■ **What the exercise asks**
Only one stretch of the data should be retyped: the lines from the line containing "Compact 360° Stainless" through the line containing "급매 테크노짐 렉퍼스널 풀세트--1". Keep pictures out of it.
• • •
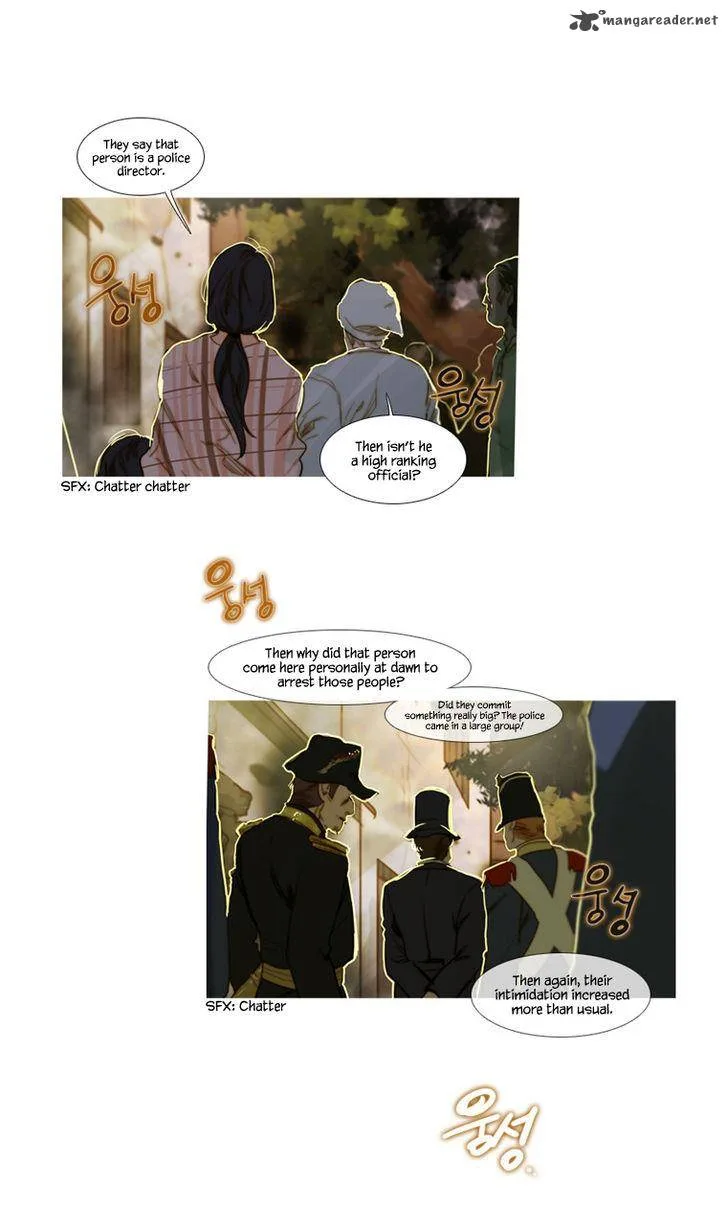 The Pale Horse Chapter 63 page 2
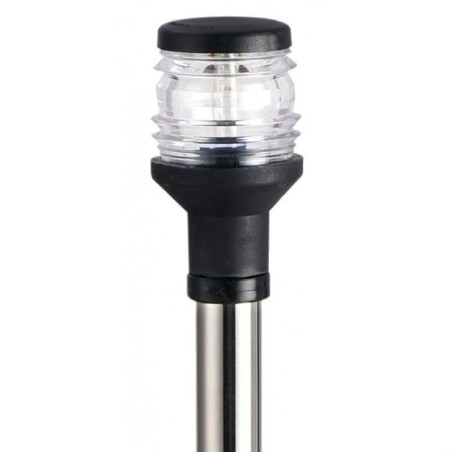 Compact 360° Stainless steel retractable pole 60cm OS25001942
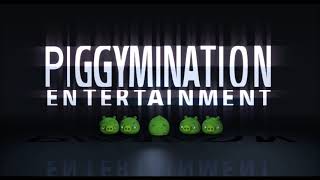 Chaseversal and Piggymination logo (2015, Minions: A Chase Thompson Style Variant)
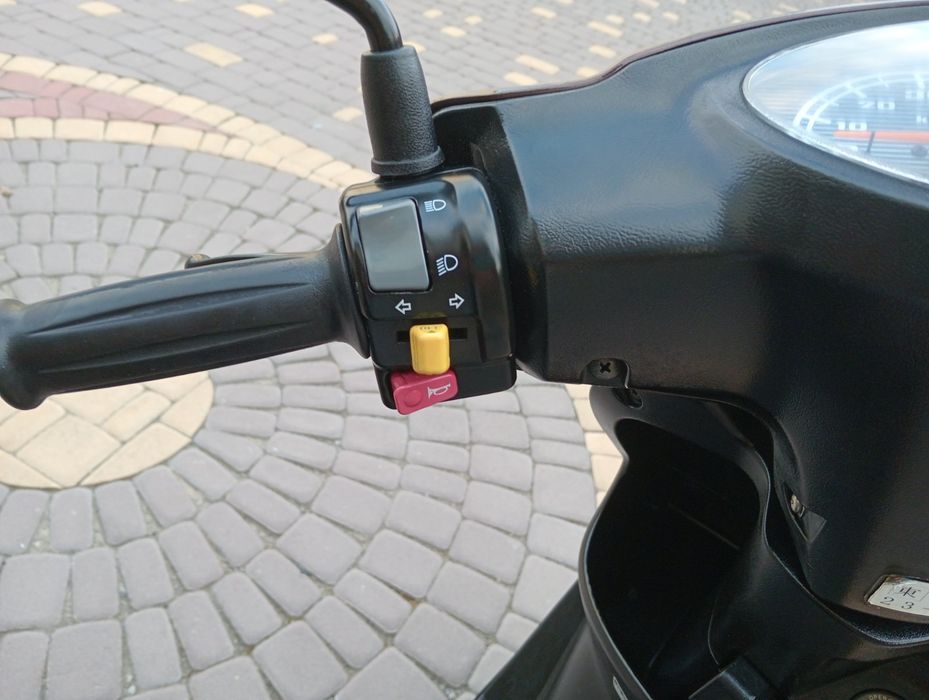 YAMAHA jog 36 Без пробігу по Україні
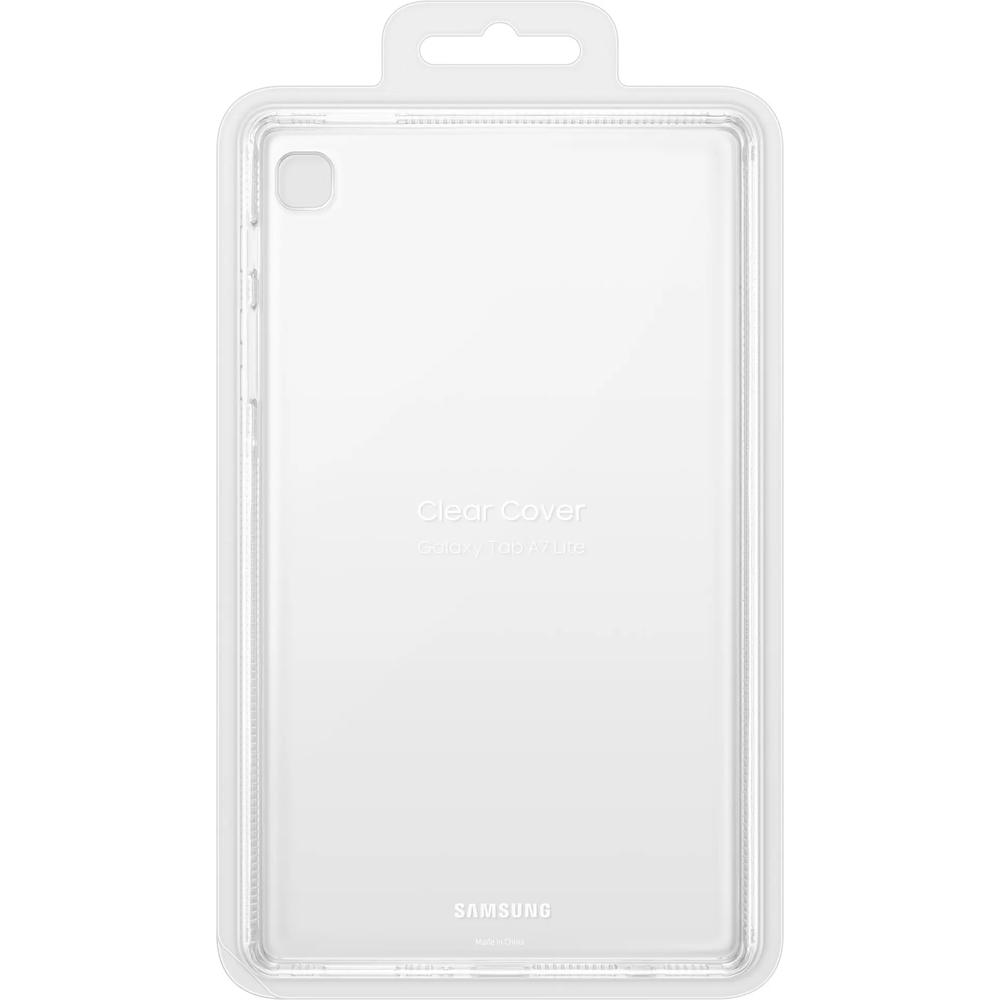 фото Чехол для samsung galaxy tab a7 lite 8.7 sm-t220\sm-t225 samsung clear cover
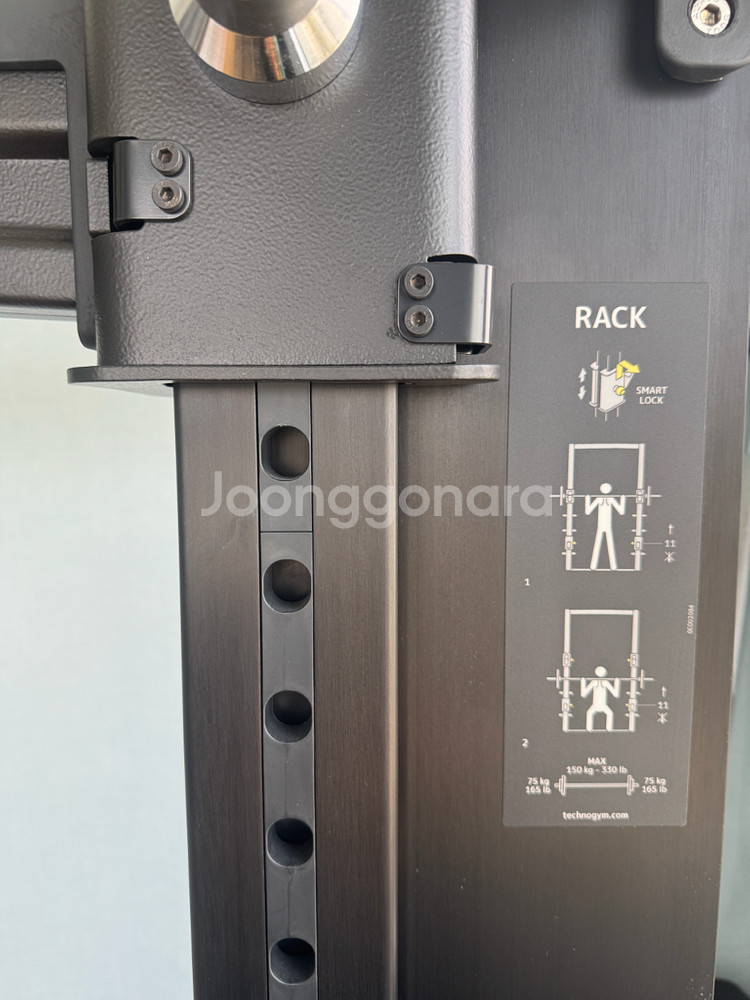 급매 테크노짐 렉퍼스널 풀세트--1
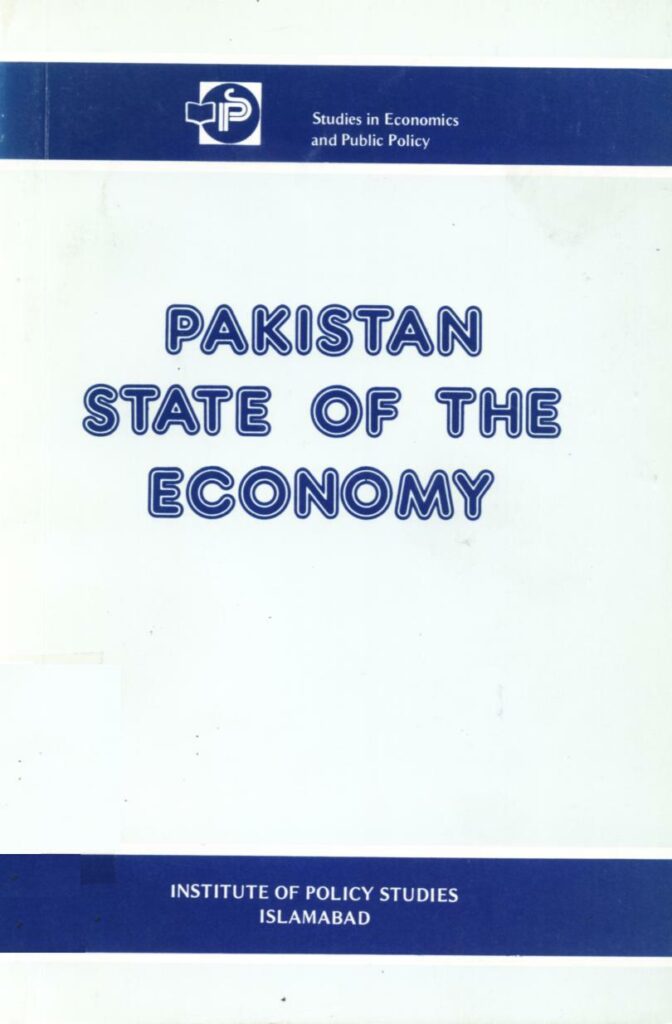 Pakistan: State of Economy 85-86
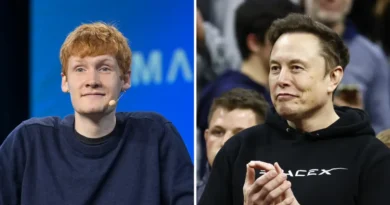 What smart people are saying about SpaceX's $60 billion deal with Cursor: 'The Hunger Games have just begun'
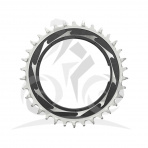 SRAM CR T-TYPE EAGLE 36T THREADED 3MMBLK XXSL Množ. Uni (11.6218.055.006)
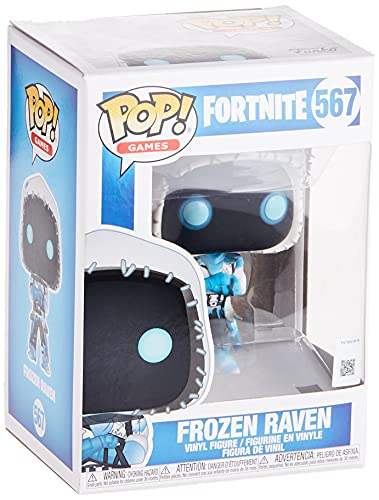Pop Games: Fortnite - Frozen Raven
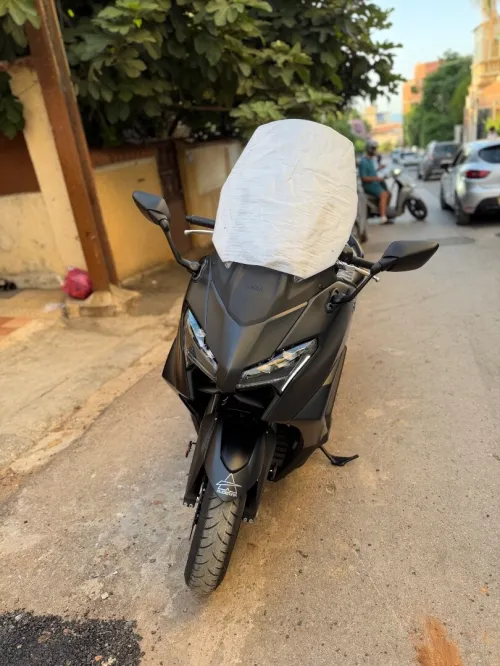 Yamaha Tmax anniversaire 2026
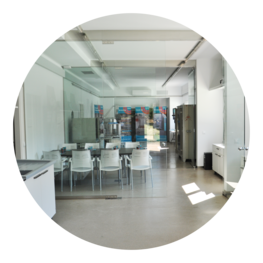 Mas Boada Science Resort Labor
• • •
■ **Output of the exercise**
 Compact 360° Stainless steel retractable pole 60cm OS25001942
 Chaseversal and Piggymination logo (2015, Minions: A Chase Thompson Style Variant)
 YAMAHA jog 36 Без пробігу по Україні
 фото Чехол для samsung galaxy tab a7 lite 8.7 sm-t220\sm-t225 samsung clear cover
 급매 테크노짐 렉퍼스널 풀세트--1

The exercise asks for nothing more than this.